Callahan reports on the little known yet profoundly important British India/Japan campaign in 1944. The Imperial Japanese Army launched an invasion of India’s eastern frontier. Streaming out of occupied Burma, the former British crown colony, they achieved initial success and threatened the capture of the key Indian city of Imphal in Manipur State. The Fourteenth Indian Army, under the command of British Lieutenant General William Slim, crushed the invading Japanese and began the conquest of Burma. This Indian Army was composed of revitalized Indian divisions, Gurkha Rifles battalions, and British elements.

Of note is the several-hundred-word account of the Bengal radical Subhas Chandra Bose and his Indian National Army, allied with the Japanese.

Unfortunately, Callahan’s account is inept. His narrative is far too detailed for the lay reader, and it’s too befuddling for the military cognoscenti. His failure to include large- and small-scale maps that depict the geography and military movements is an egregious blunder that negates, in large measure, the value of this book. His narrative lacks chronological coherence—the narrative wanders back and forth in time and we do not get a clear understanding of what is happening with who, where, and why. It is repetitive to a crippling fault. It is seriously overwritten—there’s far too much detail that’s irrelevant to the primary story and beclouds the essential points.

The author’s failure to split frequently his text into paragraphs hinders comprehension. Some paragraphs are a page long and others longer.
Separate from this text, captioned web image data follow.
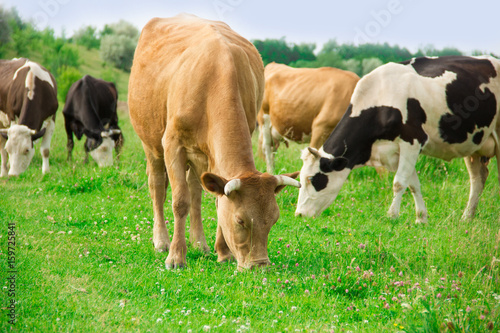 A herd of cows grazes on the lawn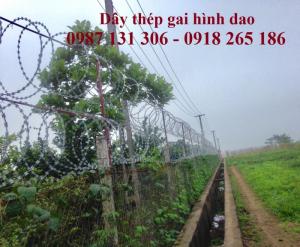 Dây thép gai vòng tròn, dây gai hình luỡi lam, dây gai tôn giá rẻ nhất Việt Nam
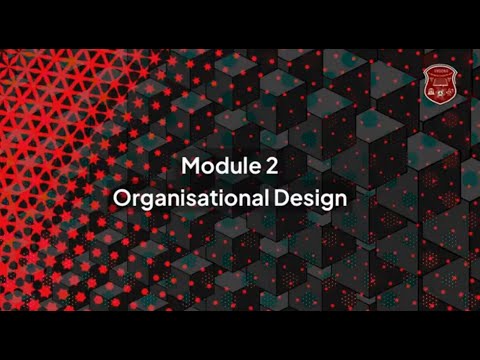 Organisational Design – Module 2 of Certified Orgtologist Program (COP)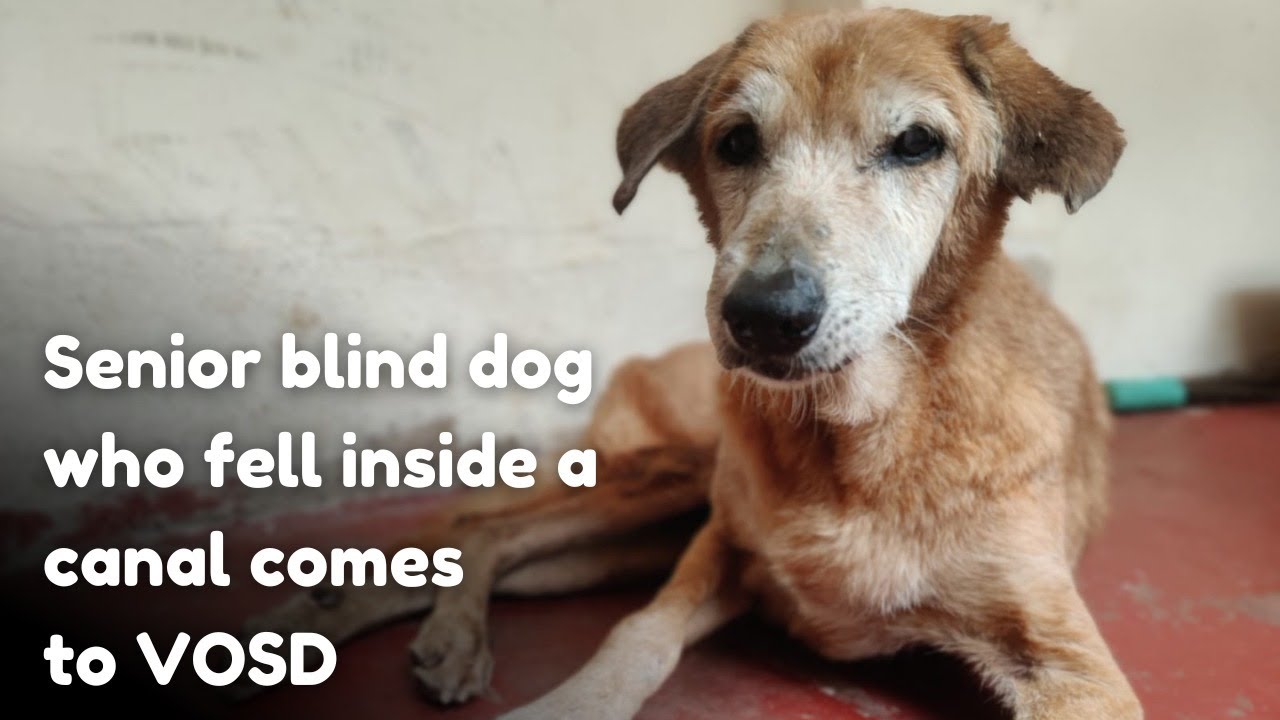 Blind stray dog fallen in canal rescued and now safe at VOSD! - YouTube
And, frequently, Army element numbers (XIV, for example) suffuse through the pages to an inordinate extent, to the point that they become noise in our reading process. Well-planned tables would have helped clarify this printed din. Images of the key persons would augur well for engendering reader empathy.

I wonder why the editor at the University of Kansas Press did not exercise more control over this narrative. It had the potential to be a much-needed and valuable account of this crucial battle that threatened the East India Company Raj.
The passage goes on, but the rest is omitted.